Darlings, I’ve told you before that Ruislip is Ruislip. But there are the seeds, which probably won’t thrive, of gentrification. You know, the Lidl stocking lobster. The real gay hairdresser. And the odd café or two springing into existence if you don’t mind. We don’t give them our custom because it is now pavlovianly embedded in us to get as far away as possible from where we live whenever we leave the house. Fun can not be associated with Ruislip. We did have one friend who lived close by but we instantly had to lose touch when we simultaneously understood, as our eyes met over a suburban table, with stabbing, unforgiving clarity, what we had both surrendered to. And I haven’t practised walking blindfolded from Ruislip to the border of the next area enough times yet to have learnt where all the obstacles to an injury-free start to a night out are so I do still, on my way to somewhere else, receive visual evidence that I live where I live. Sometimes, if we’ve had two booze-free days in a row, say, I might even notice what I see.

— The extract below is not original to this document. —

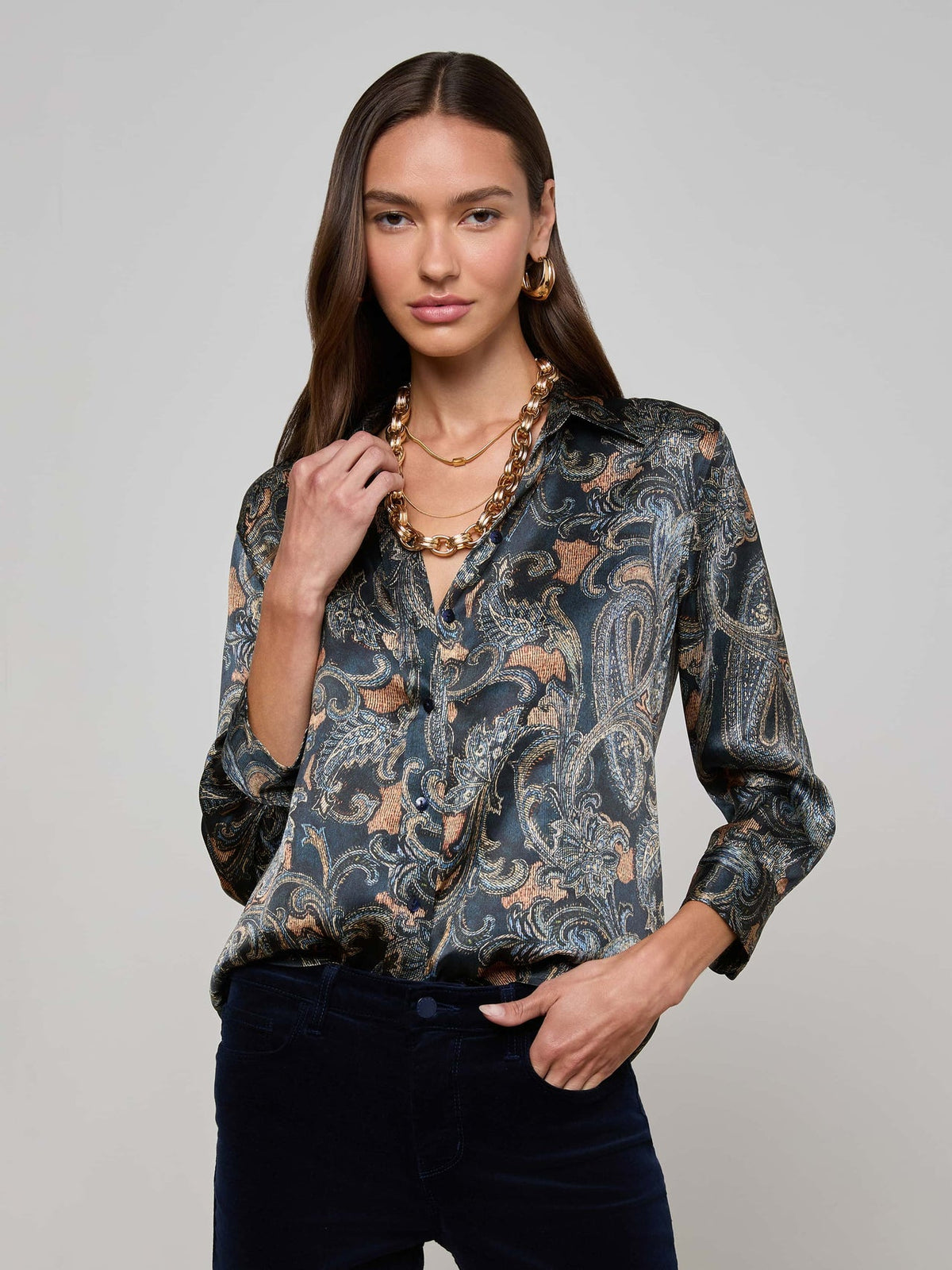 Dani Silk Blouse in Midnight Multi Etched Paisley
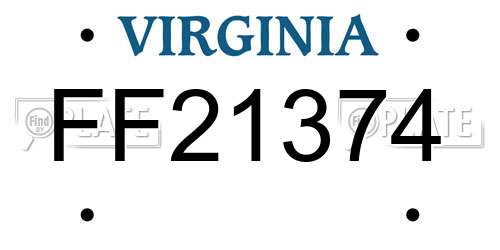 FF21374 Virginia License Plate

Darlings, and all of sudden there was a Kaffee Togo in Ruislip. Africa! In Ruislip! Who had thought through the branding? We don’t want the outside world in Ruislip. We want the wall back, for fuck’s sake. Wedding, our nearest West-Berlin bit, seems a million miles away. No, if we’re going to go international in Ruislip, we need to start easy. Soften the culture shock. A Café Austria, say. A Café Luxembourg at a push. Ruislipians could cope with that. But odd that their sign said Kaffee. Coffee. And not Café. Until I finally clicked that they were selling coffee ‘to go’. Tossers. To go! In Ruislip! You’ll be relieved to hear I firebombed the premises to avoid any such linguistic misunderstandings in future.
That got me so livid I started noticing the written word non-stop. A clothes shop I’ve bought at multiple times, because every time I bought something they gave me a voucher for a reduction on my next purchase and I bought inexorably and inexorably on until I had to turn to crime to feed my habit before I realised that not buying things is even cheaper than buying things with 10% off, had showcased on its window, presumably written in the fresh sperm of its employees, “Sale continues inside store.” Continues? And in English? Admittedly, not in Ruislip, but still. I had to take my begloved hands out of my pockets so that I could make indignant tosser signs at the offending window and then started taking a run up towards the shop for increased momentum, to make sure they’d understand I thought this was awful toss, and in my enthusiasm accidentally shattered the glass their non-poetry was written on. Still, linguistic crime no. 2 solved.
A café was offering an ‘Anabolisches Frühstück’ – an anabolic breakfast – which I thought was overly caving into drugs in sport, even for the former East Germany. What sort of message is that to be sending to the kids? And this an Olympic year! I ducked in to see if these flagrant purveyors of non-sportsmanship were wearing dark-blue vests with DDR sewn on in a pleasingly square font. Some Turkish men sold standard Turkish fare. “Queer,” I thought. “I wonder if they’re lacing the kebabs with designer steroids.” Till it turned out I was being dyslexic again. Their Frühstück was in fact Anatolisch – Anatolian, euphemistic for Turkish.
Darlings, all too disorienting. I staggered home and resolved never to read again.
*got delayed. Goldfish attention span.